The synchrony (\(\rho\)) for each year for each lake in spring (red) versus autumn (blue). Synchrony is higher in spring than autumn.

It’s really interesting to me to see these results for fish. As Hulthen et al. note, a lot of the work on migratory timing is for birds, and certainly I had bird examples in mind when working on the model simply because that is my background. But evidently the concepts of early arrival and predator dilution are general and apply to many taxonomic groups.

Another recent study by Pärssinen et al. (2020) also found evidence of the predator dilution effect in fish. Hybrids of roach and bream had intermediate migration time that left them vulnerable to predation by cormorants. The special thing about predator dilution is that, all else being equal, the particular timing that evolves is evolutionarily stable but not convergent stable. Essentially this means that the timing that evolves is arbitrary, contingent on initial conditions or chance clustering. This implies there could be a great many timings that initiate or maintain divergence provided they are far enough apart and a large enough population maintains each timing.

References

Cagnacci, F., Focardi, S., Ghisla, A., van Moorter, B., Merrill, E. H., Gurarie, E., Heurich, M., Mysterud, A., Linnell, J., Panzacchi, M., May, R., Nygard, T., Rolandsen, C., & Hebblewhite, M. (2016). How many routes lead to migration? Comparison of methods to assess and characterize migratory movements. Journal of Animal Ecology, 85, 54–68.

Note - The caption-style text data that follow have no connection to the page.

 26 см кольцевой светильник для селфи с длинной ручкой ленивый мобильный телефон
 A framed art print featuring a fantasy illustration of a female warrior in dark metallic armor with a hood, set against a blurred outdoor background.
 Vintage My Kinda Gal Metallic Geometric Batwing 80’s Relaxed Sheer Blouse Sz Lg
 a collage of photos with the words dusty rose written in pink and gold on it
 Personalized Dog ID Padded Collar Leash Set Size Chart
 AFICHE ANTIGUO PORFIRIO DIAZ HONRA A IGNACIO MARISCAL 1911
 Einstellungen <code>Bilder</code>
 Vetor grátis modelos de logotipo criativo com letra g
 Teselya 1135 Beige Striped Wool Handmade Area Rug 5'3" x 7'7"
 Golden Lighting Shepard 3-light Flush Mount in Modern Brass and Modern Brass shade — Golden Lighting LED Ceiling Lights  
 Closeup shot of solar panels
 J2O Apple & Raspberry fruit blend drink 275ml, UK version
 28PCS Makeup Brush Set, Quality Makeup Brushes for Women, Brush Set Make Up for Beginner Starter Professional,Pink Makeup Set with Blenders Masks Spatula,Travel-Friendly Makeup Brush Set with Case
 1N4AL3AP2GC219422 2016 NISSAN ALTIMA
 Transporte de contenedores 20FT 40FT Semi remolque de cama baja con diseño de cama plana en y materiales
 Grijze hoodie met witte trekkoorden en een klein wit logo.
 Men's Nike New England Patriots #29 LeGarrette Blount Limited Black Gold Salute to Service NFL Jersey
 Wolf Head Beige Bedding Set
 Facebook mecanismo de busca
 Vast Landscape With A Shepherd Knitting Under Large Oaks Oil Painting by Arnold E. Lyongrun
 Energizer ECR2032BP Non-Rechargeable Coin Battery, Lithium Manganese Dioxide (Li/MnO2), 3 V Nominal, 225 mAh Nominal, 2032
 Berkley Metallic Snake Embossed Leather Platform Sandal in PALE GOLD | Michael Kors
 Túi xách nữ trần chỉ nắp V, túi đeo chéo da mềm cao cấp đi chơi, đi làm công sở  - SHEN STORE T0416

Cagnacci, F., Focardi, S., Heurich, M., Stache, A., Hewison, A. J. M., Morellet, N., Kjellander, P., Linnell, J. D. C., Mysterud, A., Neteler, M., Delucchi, L., Ossi, F., & Urbano, F. (2011). Partial migration in roe deer: Migratory and resident tactics are end points of a behavioural gradient determined by ecological factors. Oikos, 120, 1790–1802.

Harts, A. M. F., Kristensen, N. P., & Kokko, H. (2016). Predation can select for later and more synchronous arrival times in migrating species. Oikos, 125, 1528–1538.

Hulthén, K., Chapman, B. B., Nilsson, P. A., Hansson, L. A., Skov, C., Brodersen, J., & Brönmark, C. (2022). Timing and synchrony of migration in a freshwater fish: Consequences for survival. Journal of Animal Ecology, In Press

Pärssinen, V., Hulthén, K., Brönmark, C., Skov, C., Brodersen, J., Baktoft, H., Chapman, B. B., Hansson, L-A. & Nilsson, P. A. (2020). Maladaptive migration behaviour in hybrids links to predator‐mediated ecological selection. Journal of Animal Ecology, 89(11), 2596–2604.